> Material for this task:
--
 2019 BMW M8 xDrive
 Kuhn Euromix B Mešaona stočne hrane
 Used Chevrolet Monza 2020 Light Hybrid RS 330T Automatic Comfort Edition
--
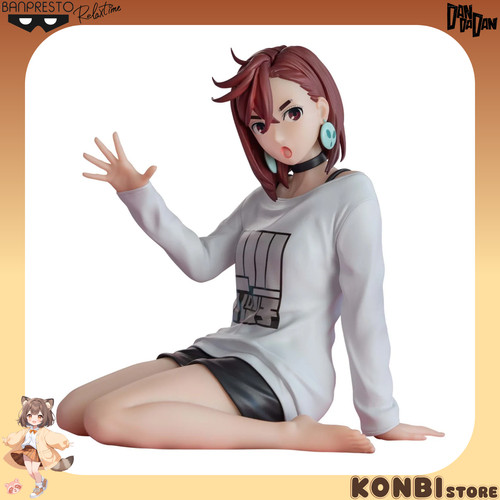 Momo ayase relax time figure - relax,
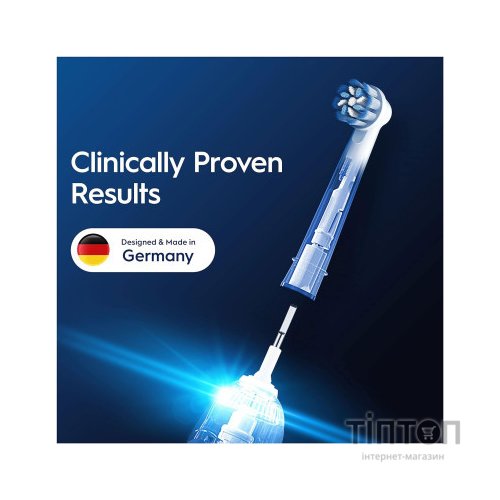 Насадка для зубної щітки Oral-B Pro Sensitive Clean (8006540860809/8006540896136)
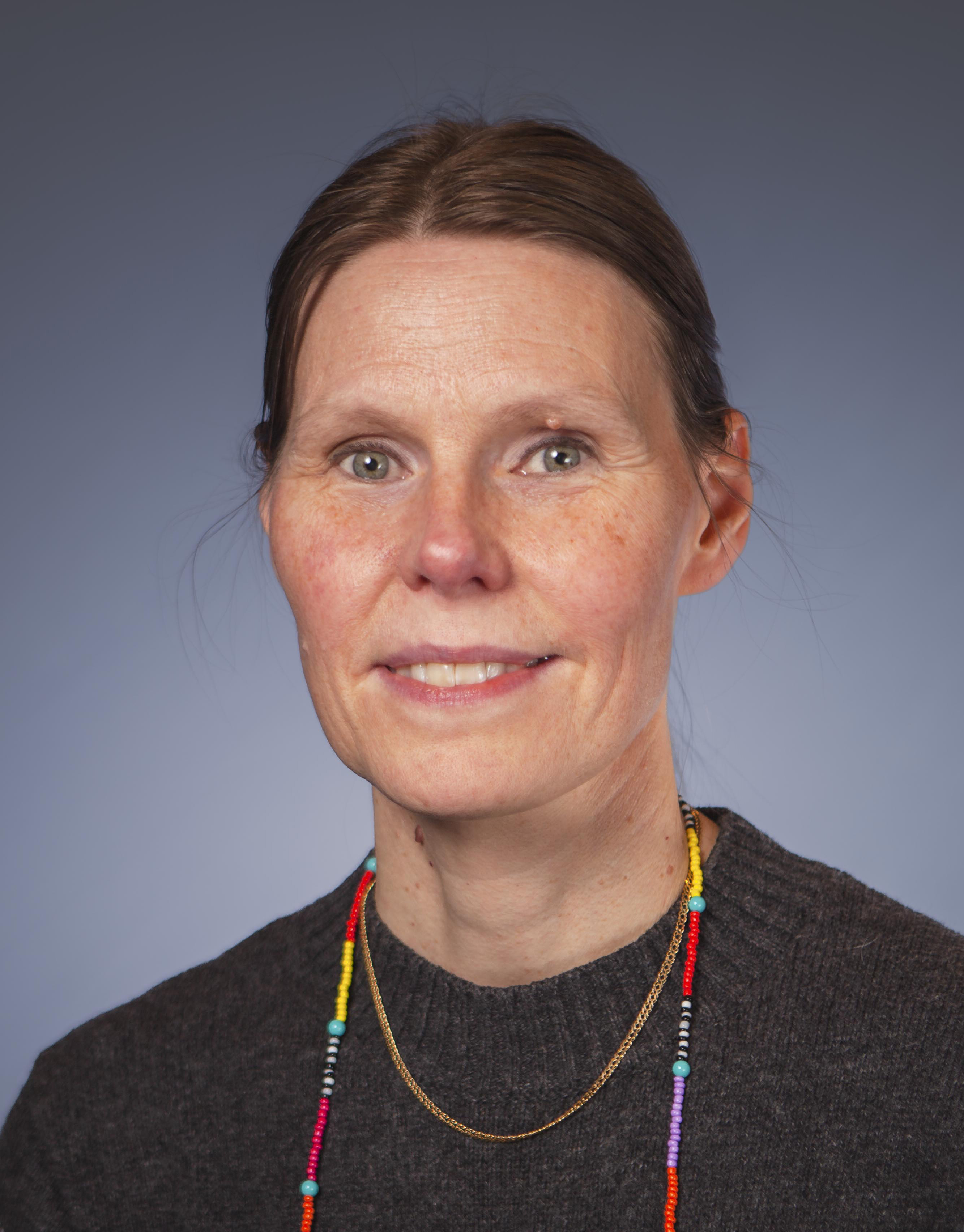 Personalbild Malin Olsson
--
> Task to carry out: Output exactly, and only, the lines of the entries above from the one with "Насадка для зубної" up to and including the one with "Personalbild Malin Olsson"; pictures are to be left out.

> Problem solution:
 Насадка для зубної щітки Oral-B Pro Sensitive Clean (8006540860809/8006540896136)
 Personalbild Malin Olsson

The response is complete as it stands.